The aim of this codelet is to build your PyTorch skills via the concrete implementation of parts of linear regression. You should draw on Chapter 3 of the textbook and the PyTorch documentation.

Important: Only use PyTorch and in-built Python. The use of any other libraries, including the books d2l library results in an automatic unsatisfactory grade for this assignment. A core goal of this class is to build your competencies as a machine learning engineer. I want to minimize abstractions from other libraries so that you build these skills.

Outline

Your assignment

Your task is to:

Download codelet2.zip from the course website and open it.

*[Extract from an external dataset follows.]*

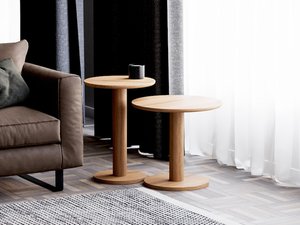 Mesita de noche redonda de roble macizo moderno, almacenamiento de madera hecho a mano, muebles minimalistas escandinavos ecológicos para dormitorio - Product Image 6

You will find these instructions and codelet2.py which has scaffolding for you.
Complete each of the three broad tasks below in codelet1.py and include a file called codelet2.pdf with your answers to the written questions.

Grading

When assessing your work, satisfactory achievement is demonstrated, in part, by:

Simple and clear code
Code passes relevant tests
Explanation extends beyond repeating the textbook/material online
Response are concrete and clearly demonstrate an understanding of the concepts

Linear Regression

You will complete an implementation of linear regression trained using gradient descent. You should build on codelet2.py. You have two tasks:

Complete the model class
Implement mini-batch gradient descent

Linear Regression Model

The basic structure of your model is provided in the class LineaerRegression. Your task is to complete this function with any relevant methods. Do not add methods that serve no substantive purpose in your code or are not used (that is draw from the book with care). For example, you should not add a plotting method. Note, the loss function is correctly implemented and should not be modified. In your code, you must use PyTorch’s Linear layer to handle your model’s weights (and compute your model’s output). Please note the introduction of this codelet. You may only use PyTorch in completing your implementation.

In addition to completing your model, you must write code that returns the error in your model’s estimation of w and b. See below for the formatting (it draws heavily on the example provided in the book).

To evidence completion of this task, and to check your own progress, please train your model using the train method. The train method should work without any tweaks. Do not modify or otherwise change that function. You should add to the pdf accompanying your code a screenshot of the output of your code. Mine, for example, looks as follows:

0 39.86579513549805
10 12.93497085571289
20 2.6193177700042725
error in estimating w: tensor([-0.5257,  0.3273,  0.6399])
error in estimating b: tensor([0.4122])

Training

Your second task is to adapt the train function to implement mini-batch gradient descent in the function batched_train. In order to help think through this process, you must copy the code from train to your pdf document and annotate the function. Note what each line does. You should make sure to note which line calculates the gradient and which line updates the weights of your model.

In implementing mini-batch gradient descent, here are your decision specifications:

Your training function should iterate over your entire dataset 3 times (that is, it should train for 3 epochs)
You should output the average loss over the epoch
Your code should work with any reasonable batch_size (batch sizes less than the total size of your dataset, for example). You can assume the user only uses reasonable batch_size values.

To evidence completion of this task, and to check your own progress, please train your model using your batched_train function and print the error of each of your parameters, as before. You should add to the pdf accompanying your code a screenshot of the output of your code. Mine, for example, looks as follows:

0 12.478017888963223
1 6.058776119351387
2 2.4219589471817016
error in estimating w: tensor([ 0.5886, -0.3861,  0.0994])
error in estimating b: tensor([0.0387])

Wrap-up

Finally, you should reflect on the performance of both the train method provided and your implementation of batched_train. You should concretely answer the following questions in the pdf accompanying your code:

Is train an implementation of stochastic, mini-batch, or batch gradient descent? Why?
How many times does your model see each sample in train vs batched_train?
Compare the final performance of the two approaches to training (i.e., how good are the final models). Which approach to training do you prefer and why? Be concrete in discussing the performance and your choice.